The County Council grapples with gender gap in government compensation

March 15, 2019 5:00 p.m.

County Council Member Evan Glass has introduced the Montgomery County Pay Equity Act, which he claims will address “a major reason for wage inequity between women, men and nonbinary employees” of county government.

Regular Bethesda Beat readers will recall that I published a series on this issue before the bill was introduced; here are links to Part 1, Part 2 and Part 3.  At the time I crunched the county’s salary data, I had no idea that Glass was developing legislation on this matter.  But since the data analysis is available, we can use it to evaluate the efficacy of Glass’s bill.

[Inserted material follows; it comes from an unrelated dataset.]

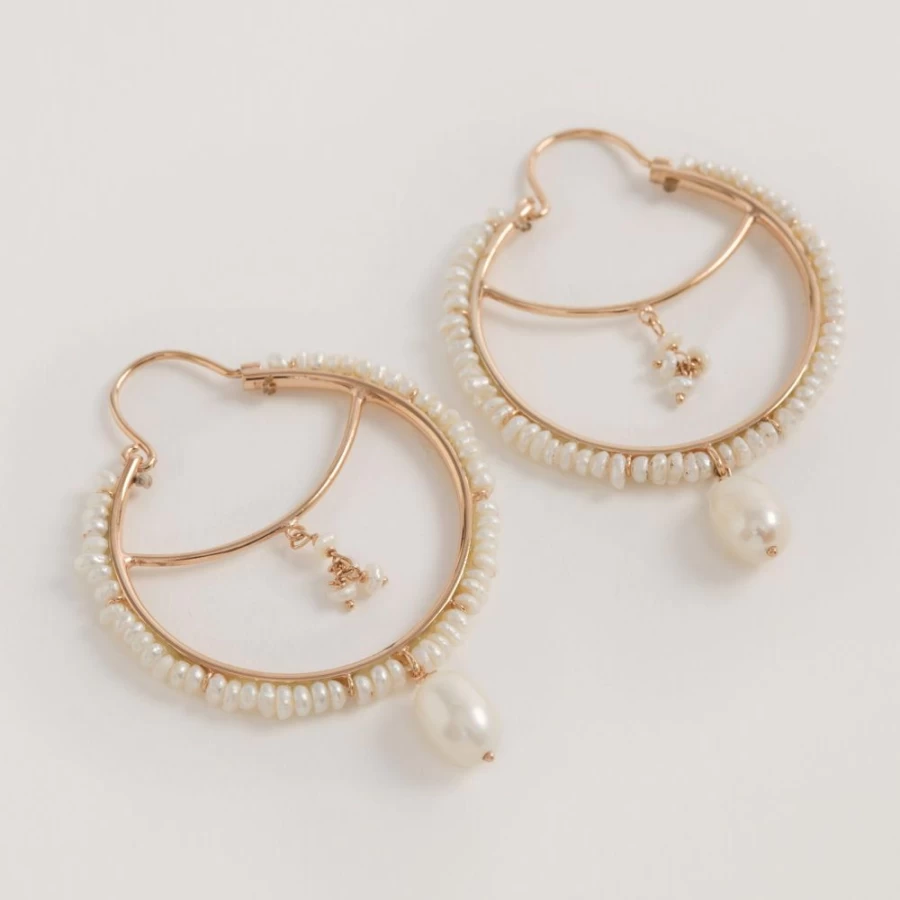 Freya Rose Pearly Drop Hoops for Women - Elegant Pearl Earrings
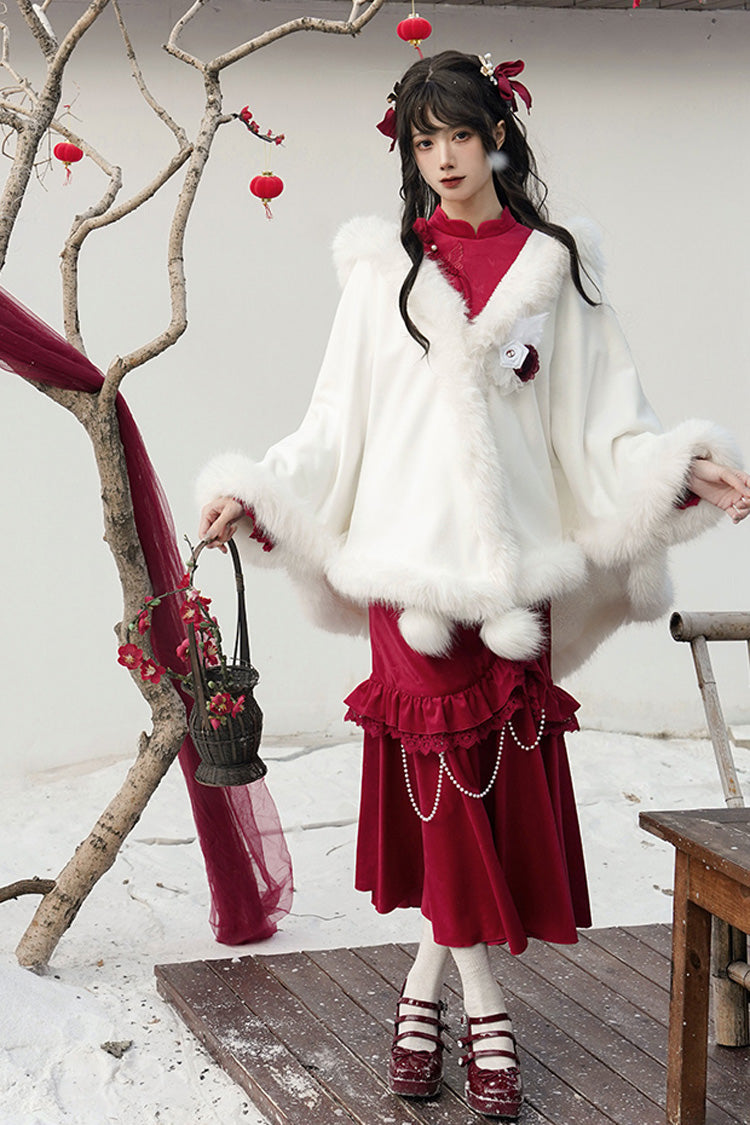 Red Long Sleeves Ruffle Embroidery Bowknot Lace Classic Chinese Style Elegant Lolita Dress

Glass is addressing a real and serious issue. As I found, there is a significant gender pay gap in county government.  Glass’s bill would deal with it by prohibiting the county from asking employment applicants for their salary history.  He explained his approach at his bill introduction press conference:

When hiring managers have the discretion to rely on job applicants’ pay history to determine their salary, individuals can quickly become stuck in a cycle in which they become undervalued, and this system disproportionately affects women… When such discrepancy exists, it might seem like a small issue for some, but the multiplier effect can become great … and make no mistake about it, this is a real problem right here in Montgomery County.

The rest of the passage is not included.